9 апреля. Весь день я пичкал себя грустью.

15 апреля. Гонкур громоздит на каминную решетку в стиле Людовика XV щипцами в стиле Людовика XVI дымящиеся поленья, которые почему-то все время падают.

18 апреля. Пещеры театральных лож, которые кишат глупостью.

19 апреля. Написать новеллу о кредите и дебете дружбы.

* Не доверяй своей фантазии.

* Я люблю лишь те пирожные, которые хоть чуточку напоминают вкусом обыкновенный хлеб.

* Мертвенная бледность стен в грозовую погоду, и синеватые оконные стекла, словно испорченные зубы.

21 апреля. Люблю дождь, который зарядит на целый день; я лишь тогда чувствую себя по-настоящему в деревне, когда я весь заляпан грязью.

23 апреля. Впал в зрелый возраст.

24 апреля. Мысли едва ворочаются, как раздавленные крабы.

25 апреля. Время от времени он приходил меня проведать, но не слишком часто, а просто, чтобы вдохнуть немного едких глотков горечи.

* Не следует путать людей умных и людей талантливых.

* Он всегда был сентиментальным: деликатный голубой цветок пустил в нем корни крепче дубовых. Самым свирепым бурям не удавалось вырвать этот цветок.
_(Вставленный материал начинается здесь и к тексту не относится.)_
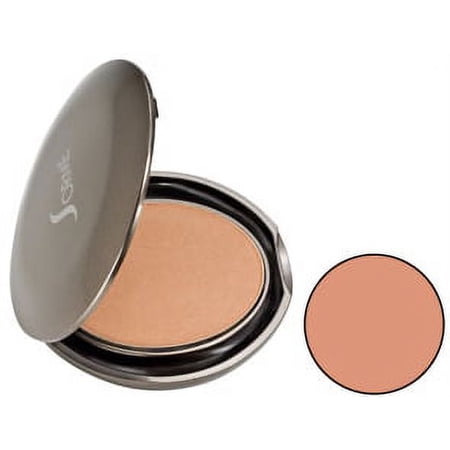 Sorme Cosmetics Believable Bronzer (Color : Goddess #802)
Он лишь чуть прикрывал венчик и тут же раскрывался, как только буря проносилась мимо.

7 мая. Прелестное замечание Сен-Поль-Ру о том, что деревья обмениваются птицами, как словами.
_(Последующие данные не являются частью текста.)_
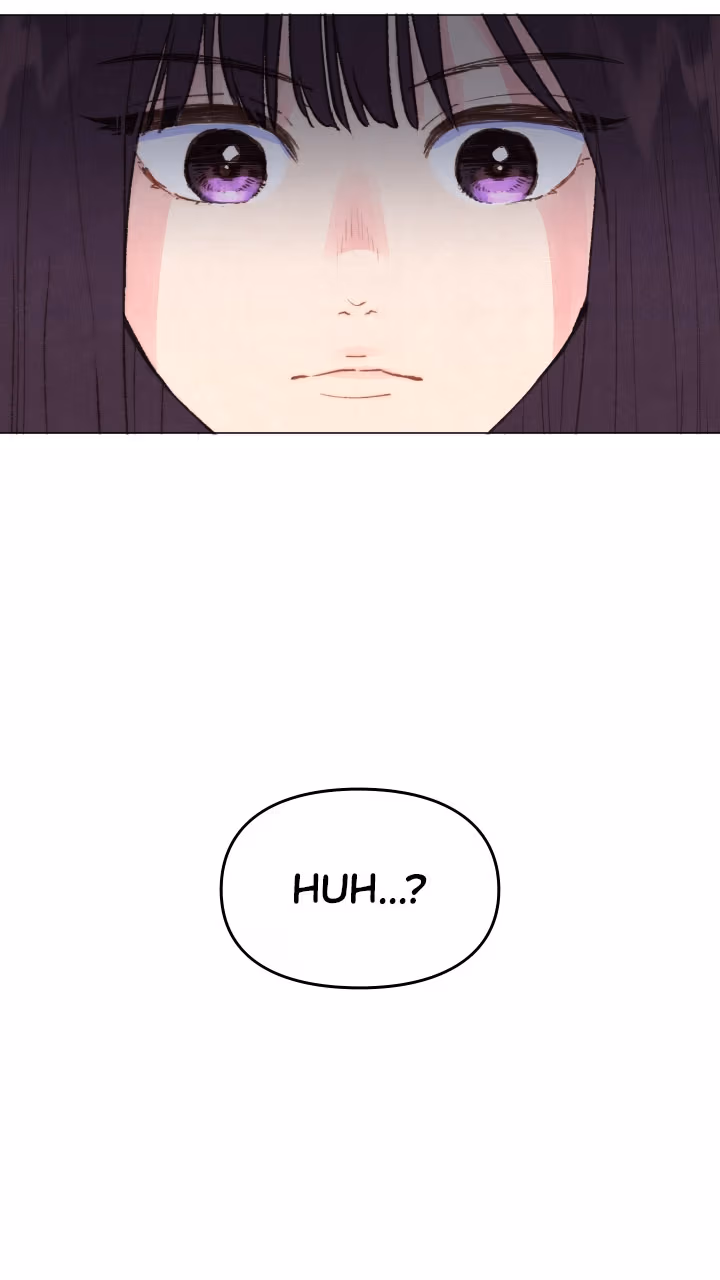 The Day of Kidnapping Chapter 10 page 50 -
11 мая. Нужно, чтобы дневник, который мы ведем, не был только болтовней, как это слишком часто чувствуется в «Дневнике» Гонкуров. Нужно, чтобы он помог нам формировать характер, беспрерывно его исправлял, выпрямлял.

17 мая. Руссо ведет беседу со своей душой, а Гонкур — со всеми скудоумными соседями. Жан-Жак чувствует себя стариком, но, как он ни дряхл, он считает, что он лучше, чем молодые здоровяки.

* Мои книги — это как бы письма самому себе, которые я позволяю читать другим.

21 мая. Листья расцвели дождевыми каплями.

* Голубь сел на подоконник и вспорхнул, хлопнув крыльями, как накрахмаленной салфеткой.

26 мая. Если бы вы только знали, как я хорошо чувствую себя в одиночестве, в каких я всегда добрых с собой отношениях.

* Француз колет эпиграммами того, кем хотел бы быть: депутата, и то, что хотел бы получить: орденскую ленточку.

29 мая. — Я вымыл руки, — говорит Фантек. — Они такие белые, что можно подумать, будто меня только что купили.

4 июня. Я заметил на стенке вырезанную ножом дату. И спросил хозяйку, что здесь увековечено: день свадьбы, именин или рождения?

— Да нет, — сказала она. — Это мы отметили тот день, когда водили корову к быку. С тех пор прошло ровно шесть с половиной месяцев, и что-то, по-моему, она не слишком раздулась, как раз сейчас я щупала ей живот.

5 июня. Монография о лени. Описать день и показать, что мозг подобен большому цветку, за которым надо ухаживать все утро, чтобы он распустился к вечеру. А так как в Париже вечером большей частью уходишь куда-нибудь, мозг так никогда и не достигает полной зрелости. Только в деревне он может раскрыться вполне. Утром перелистывать газеты, книги, схватывать мысли других, делать на лету заметки, распознавать, откуда сегодня ветер, доводить свой мозг до такой точки, когда ему становится необходимым создавать; развивать эту систему тренировки и нагрева словами легкими, языком не ученым, не тарабарским.

вернуться

48

Алле Альфонс (1854–1905) — французский писатель-юморист, был довольно популярен в конце XIX в.